▶ _Extracted entries_:
>>>>>
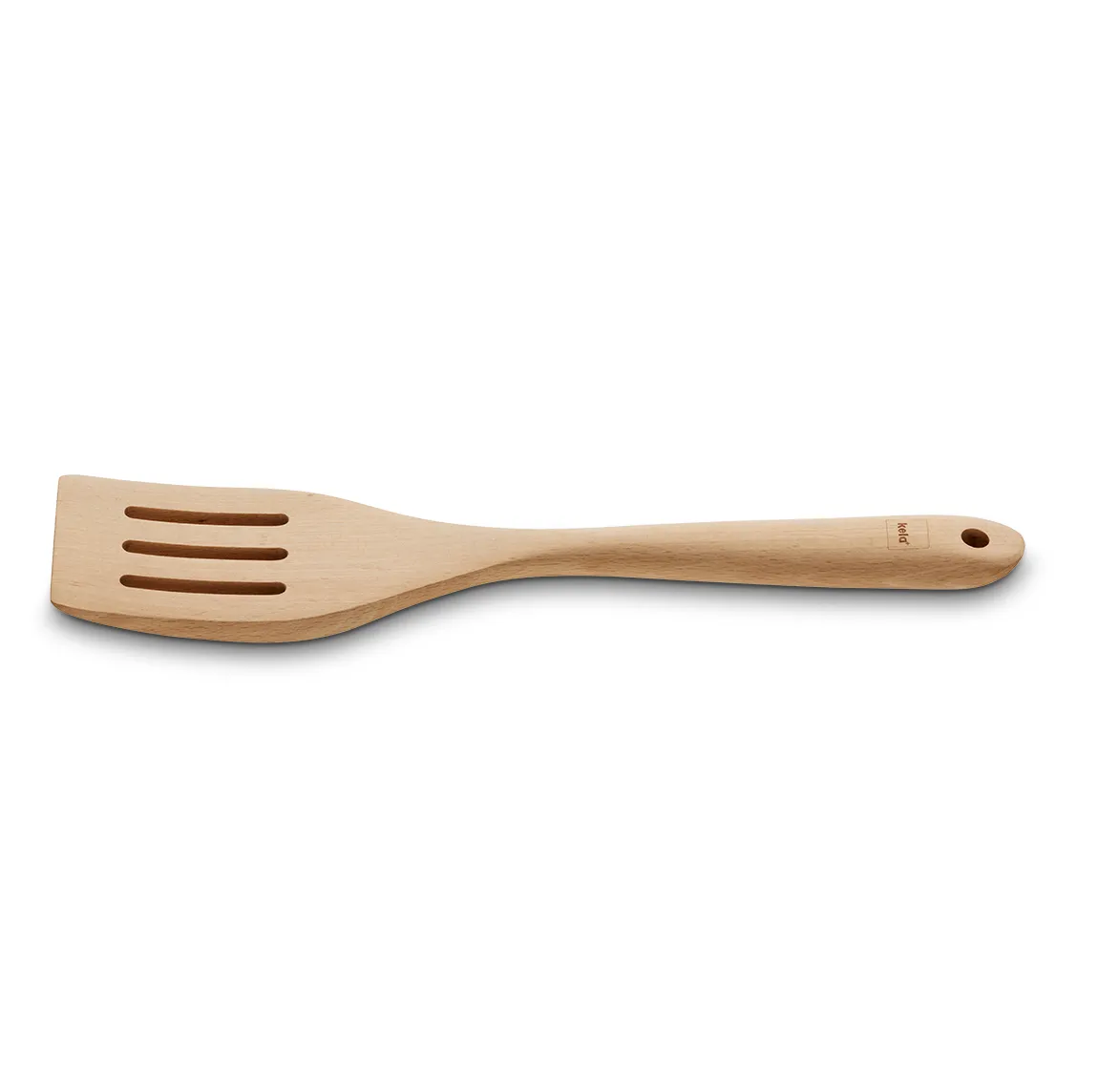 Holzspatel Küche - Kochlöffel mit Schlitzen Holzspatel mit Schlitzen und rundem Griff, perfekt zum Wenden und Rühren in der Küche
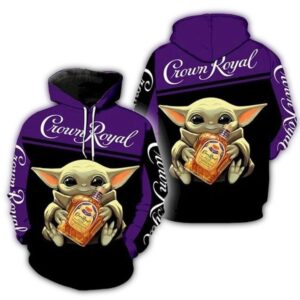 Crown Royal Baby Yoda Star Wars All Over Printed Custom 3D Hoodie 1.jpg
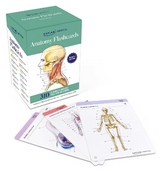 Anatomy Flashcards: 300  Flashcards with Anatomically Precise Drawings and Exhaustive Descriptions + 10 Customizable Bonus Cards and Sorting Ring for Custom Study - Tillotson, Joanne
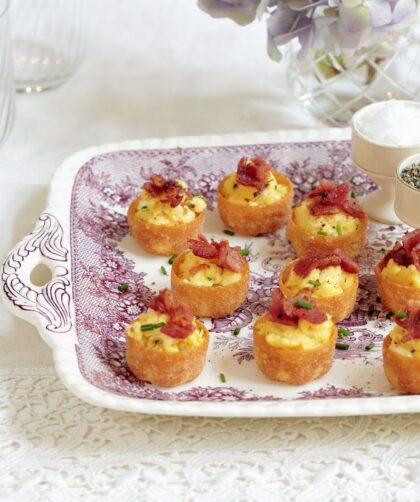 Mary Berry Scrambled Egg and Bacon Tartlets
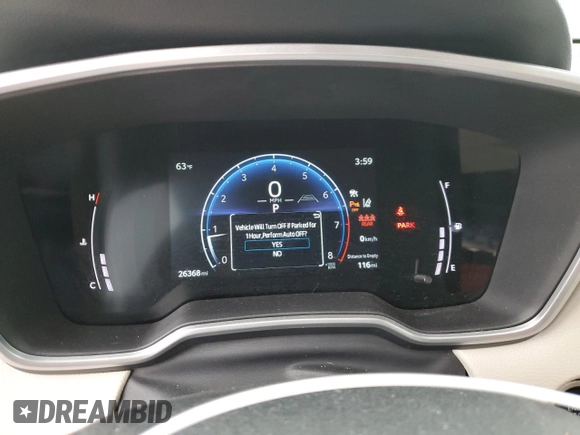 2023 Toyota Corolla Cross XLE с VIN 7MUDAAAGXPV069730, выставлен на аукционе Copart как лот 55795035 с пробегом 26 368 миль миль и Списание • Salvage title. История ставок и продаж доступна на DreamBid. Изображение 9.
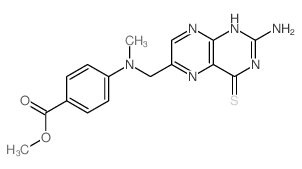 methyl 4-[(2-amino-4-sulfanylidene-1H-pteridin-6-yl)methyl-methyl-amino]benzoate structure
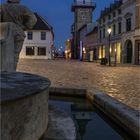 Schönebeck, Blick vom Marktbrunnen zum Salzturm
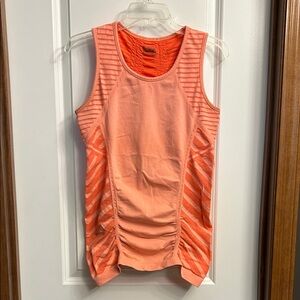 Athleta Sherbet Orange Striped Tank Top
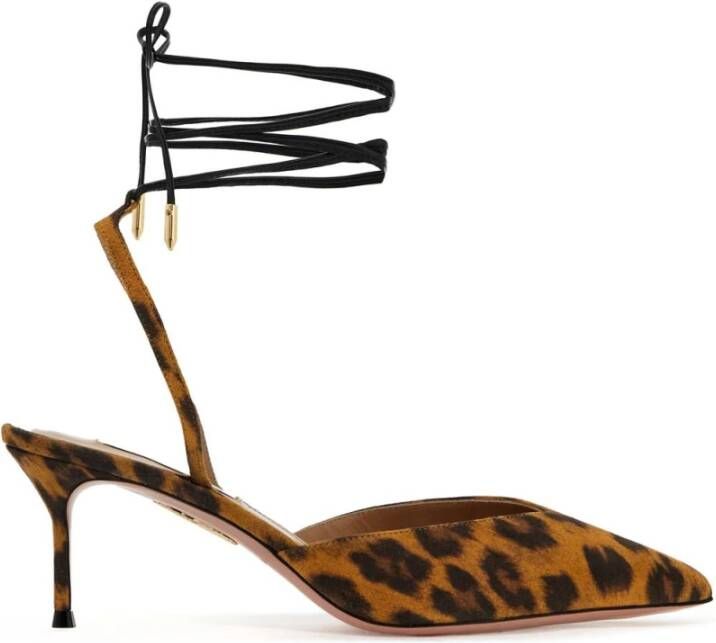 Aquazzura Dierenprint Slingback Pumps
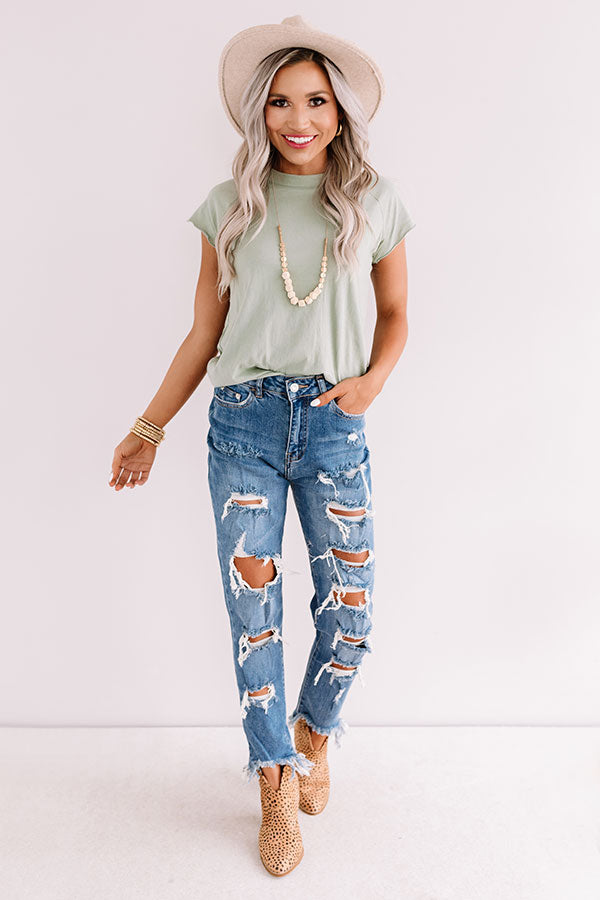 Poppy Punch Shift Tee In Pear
<<<<<
>>>>>
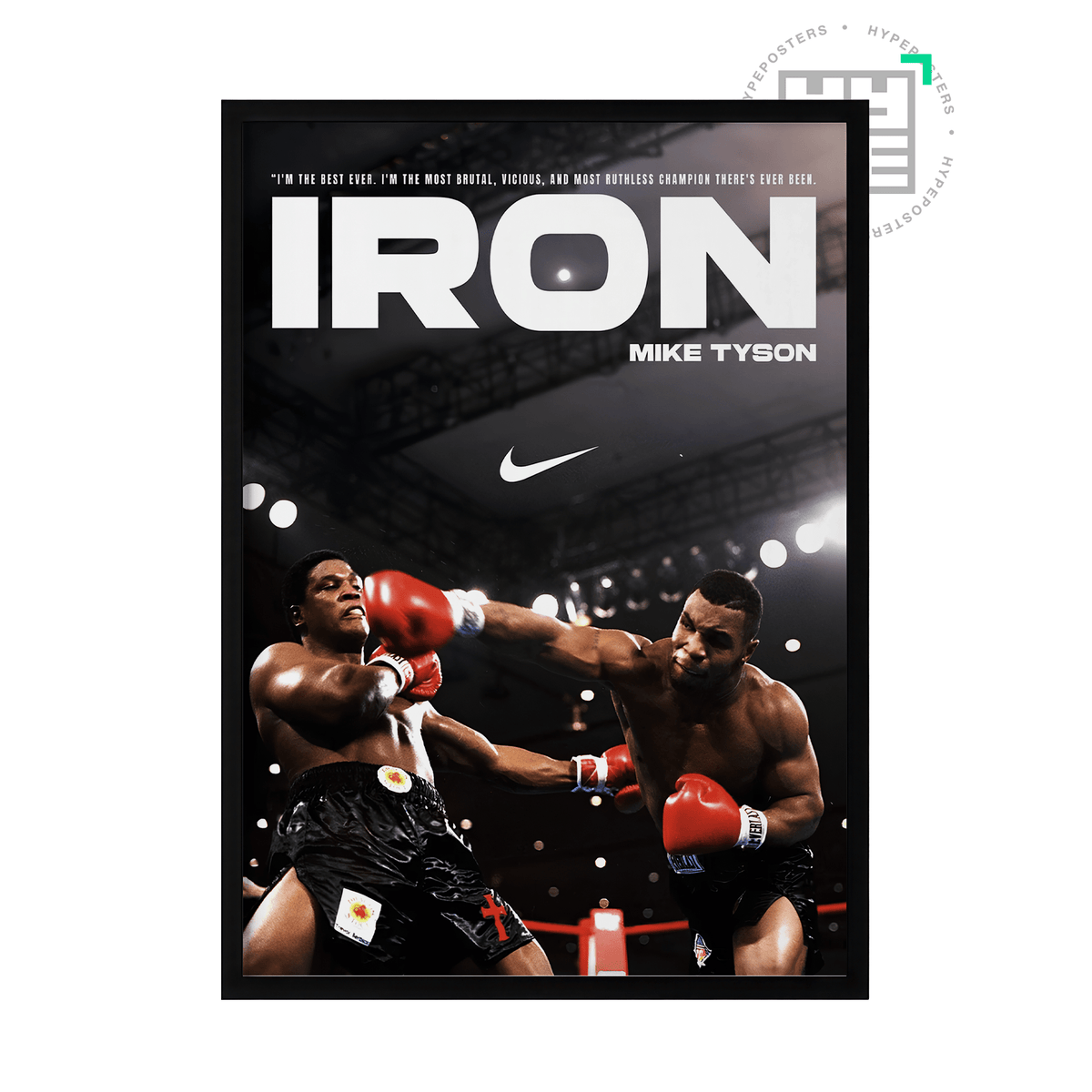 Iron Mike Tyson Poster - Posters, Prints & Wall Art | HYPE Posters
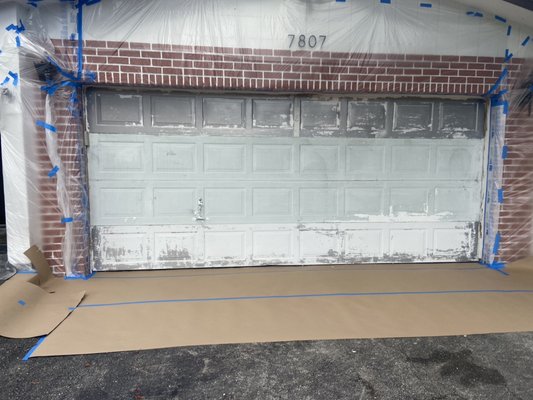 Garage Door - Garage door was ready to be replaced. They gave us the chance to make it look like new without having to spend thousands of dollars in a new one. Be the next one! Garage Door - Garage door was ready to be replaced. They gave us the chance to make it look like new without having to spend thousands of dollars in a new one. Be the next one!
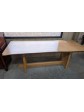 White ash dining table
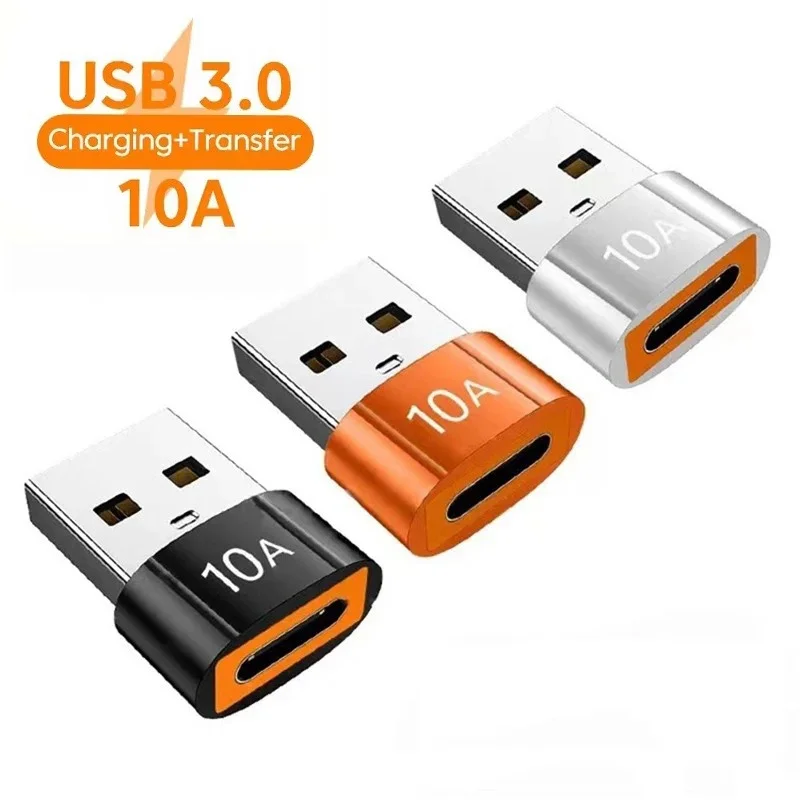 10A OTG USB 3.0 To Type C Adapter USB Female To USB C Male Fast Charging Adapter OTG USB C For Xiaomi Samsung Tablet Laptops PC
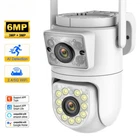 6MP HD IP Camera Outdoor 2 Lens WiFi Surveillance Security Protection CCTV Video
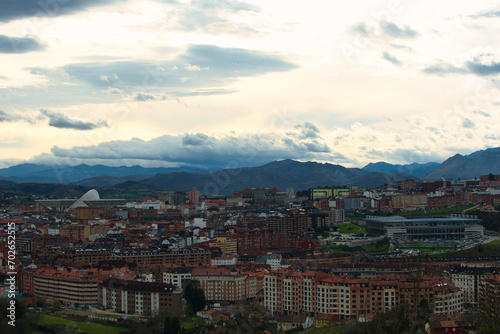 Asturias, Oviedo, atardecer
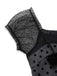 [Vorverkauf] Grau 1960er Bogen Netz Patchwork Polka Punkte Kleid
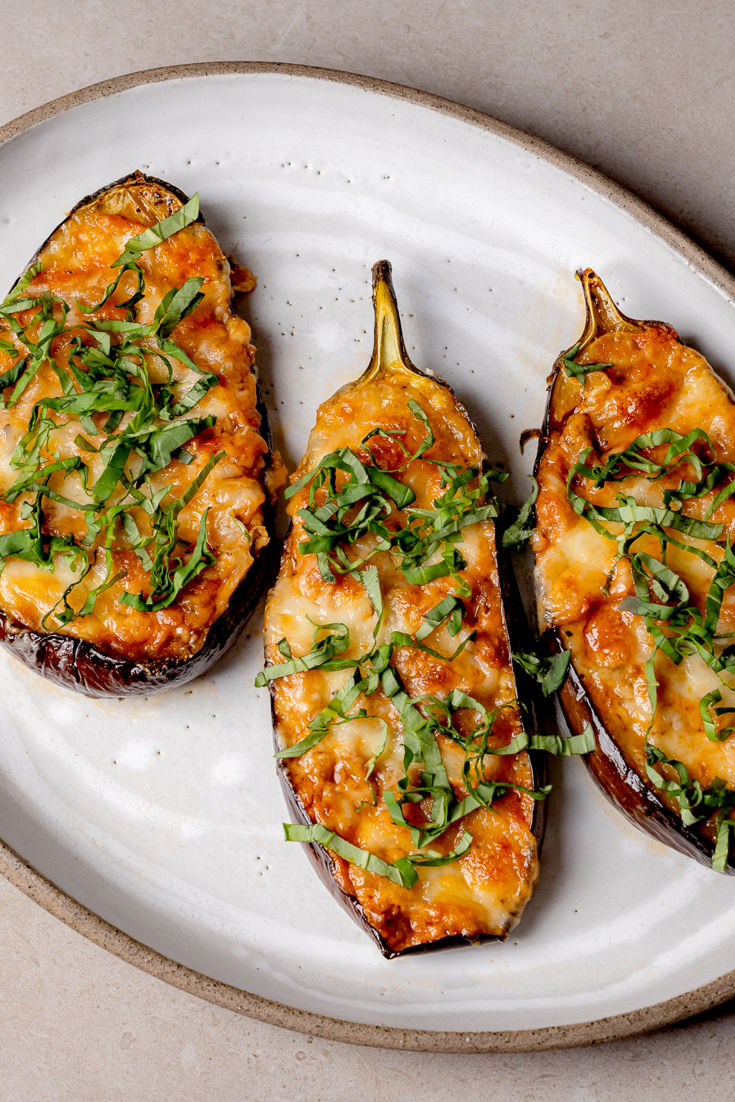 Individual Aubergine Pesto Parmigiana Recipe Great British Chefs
<<<<<
▶ _Assigned task_: Skipping every picture, transcribe exactly the lines above from the one containing "Mary Berry Scrambled Egg and Bacon Tartlets" through the one containing "2023 Toyota Corolla", both included.

▶ _Result_:
 Mary Berry Scrambled Egg and Bacon Tartlets
 2023 Toyota Corolla Cross XLE с VIN 7MUDAAAGXPV069730, выставлен на аукционе Copart как лот 55795035 с пробегом 26 368 миль миль и Списание • Salvage title. История ставок и продаж доступна на DreamBid. Изображение 9.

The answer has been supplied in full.